There's another way to check tautologies: Pick a variable, and substitute T for it. Then do the same thing, but substitute F. If both formulas are already in your list, then you have a new theorem. This can be run backwards as a non-shrink taut-gen algorithm: Use Clark's operators as a base, and generate all {T,F}-only formulas, sorting them into either the evaluates-to-T list or the evaluates-to-F list. Start each list with the formula T, or F. Grow new formulas by substituting any single instance of T with one of T&T, TvT, TvF, FvT, ~F, T->T, etc., or subbing an F with ~T, T&F, etc.

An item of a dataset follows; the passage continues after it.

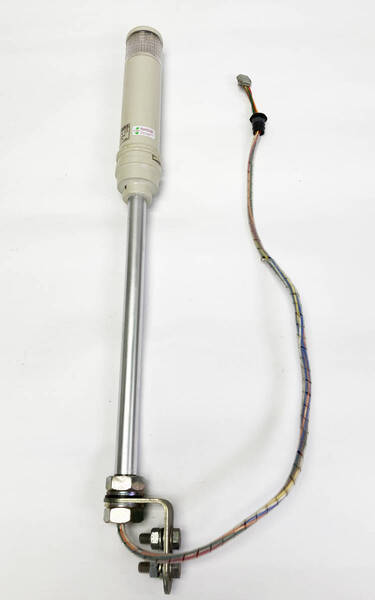 ARROW RAINBOW LIGHT ROMTB-24 LED25mA/SIGNAL40mA、機械装置、シグナル、稼働中、運転ランプ、工業用、点灯、警報ランプ ★中古品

To introduce variables, find pairs of True formulas whose operator structure & grouping match. Line up the formulas to match individual letters (T, F, or a prior variable). Any existing variables must also match. Variables don't match Ts or Fs. All T/F mismatches are replaced with the new variable V, and all F/T mismatches with ~V. The result goes into a True-formulas-with-variables list; whenever all the Ts and Fs are gone, we have a theorem. So we might have the True propositions T->T and F->F, and combine them to get P->P. We could build up P->(PvQ) in steps, from the intermediates P->(PvT) and P->(PvF). This could hardly be called efficient, but it is non-shrink. Rich ________________________________________ From: math-fun [math-fun-bounces@mailman.xmission.com] on behalf of W. Edwin Clark [wclark@mail.usf.edu] Sent: Saturday, December 3, 2016 2:31 PM To: math-fun Subject: [EXTERNAL] Re: [math-fun] propositional logic tautologies http://oeis.org/A256120 a(n) is the number of tautologies that are n symbols long in propositional calculus with the connectives not (~), and (*), or (+), implies (->) and if and only if (<->). On Sat, Dec 3, 2016 at 9:28 AM, Henry Baker <hbaker1@pipeline.com> wrote:
I'm a little rusty on my propositional logic, so I can't remember (if I ever knew) the answer to the following questions:
1. Is there an easy way to enumerate/generate (all and only) *tautologies* in more-or-less increasing complexity fashion? By complexity, I mean more-or-less increasing fashion wrt the number of distinct variables and the size of the expression.
2. What % of prop logic expressions (of a particular complexity) are tautologies?